Anche il San Girolamo penitente nel deserto di Jacopo Bellini è un pezzo da novanta, è opera della maturità del grande capo clan della famiglia. Jacopo Bellini ebbe due figli maschi, Gentile e Giovanni, destinati a continuare la sua strada. Una figlia andò invece in sposa ad Andrea Mantegna, e Mantegna è un’altra delle vittime del furto: i ladri si sono portati via la Sacra famiglia con una santa, un’opera della tarda maturità dell’artista (1495-1505) sulla cui autografia, però, i pareri degli studiosi non solo unanimi.
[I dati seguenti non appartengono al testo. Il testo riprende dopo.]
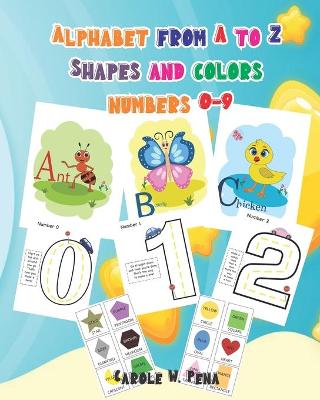 Book cover for Alphabet from A to Z, Shapes and colors, numbers 0-9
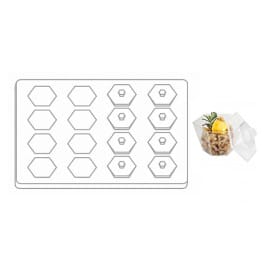 Kit Bandeja + 16 Bols Hexagonales con tapa. Transp. (1 Ud)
Le altre opere sottratte sono tele della cerchia di Jacopo e Domenico Tintoretto, di Hans de Jode e Giovanni Benini. Spicca un Ritratto di Donna di Pietro Paolo Rubens.

Dopo aver fatto l’elenco della refurtiva bisogna farsi delle domande. Chi sono i ladri? «Abili professionisti» dicono gli inquirenti. Che faranno delle opere? Difficile dirlo. Certo sono troppo note per essere vendute e dunque non è improbabile che vengano presto recuperate. E infine, si poteva evitare il furto? E ancora: i nostri musei sono sicuri?

Abbiamo girato le ultime domande a Carlo Hruby, vice presidente della Fondazione Enzo Hruby, unica fondazione in Italia che si occupa specificatamente di sicurezza dei beni culturali.

«Da quanto ho appreso dalle cronache – ha dichiarato Carlo Hruby – quanto accaduto nel Museo di Castelvecchio appare più una rapina che un furto, e forse i monitor delle numerose telecamere hanno potuto riprendere i malfattori. Ma è evidente che le telecamere da sole non bastano».

E allora che cosa occorre per fronteggiare emergenze di questo genere?

«Occorrono telecamere che non siano solo “occhi” ma “cervelli”. Oggi esistono sistemi di sorveglianza che riescono a rilevare situazioni anomale e a trasmetterle immediatamente a postazioni remote. La funzione «Stolen Object», ad esempio, permette di registrare immediatamente se un oggetto viene asportato dalla sua sede, lanciando un immediato allarme. Un’altra funzione, chiamata «Panic and Desorder», permette di registrare il fatto anomalo di qualcuno che si mette a correre nel museo (i ladri e, ahimé, i terroristi abbiamo visto che spesso corrono nei musei), e così si lancia un allarme immadiato a distanza. In altre parole, non servono tante telecamere che si limitino a guardare, servono piuttosto telecamere intelligenti che ci allarmino in tempo reale quando qualcosa non va nelle sale di un museo».

Dottor Hruby, ma quanti musei in Italia dispongono di queste telecamere intelligenti?

«Su 4500 musei penso l’uno per cento».